• _Data_:
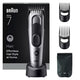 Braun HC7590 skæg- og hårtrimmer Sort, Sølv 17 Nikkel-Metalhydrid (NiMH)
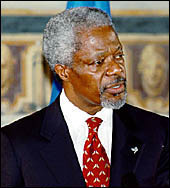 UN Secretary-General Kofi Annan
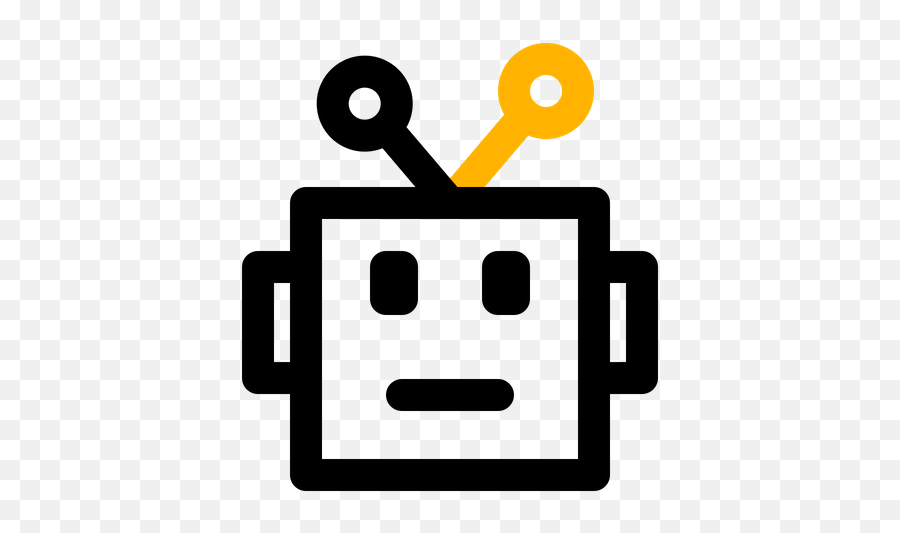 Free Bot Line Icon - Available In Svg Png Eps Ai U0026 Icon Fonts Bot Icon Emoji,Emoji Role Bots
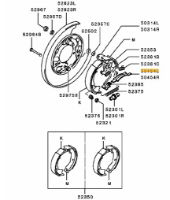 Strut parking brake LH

• _The task_: Skipping any pictures, transcribe the full listing exactly.

• _The answer_:
 Braun HC7590 skæg- og hårtrimmer Sort, Sølv 17 Nikkel-Metalhydrid (NiMH)
 UN Secretary-General Kofi Annan
 Free Bot Line Icon - Available In Svg Png Eps Ai U0026 Icon Fonts Bot Icon Emoji,Emoji Role Bots
 Strut parking brake LH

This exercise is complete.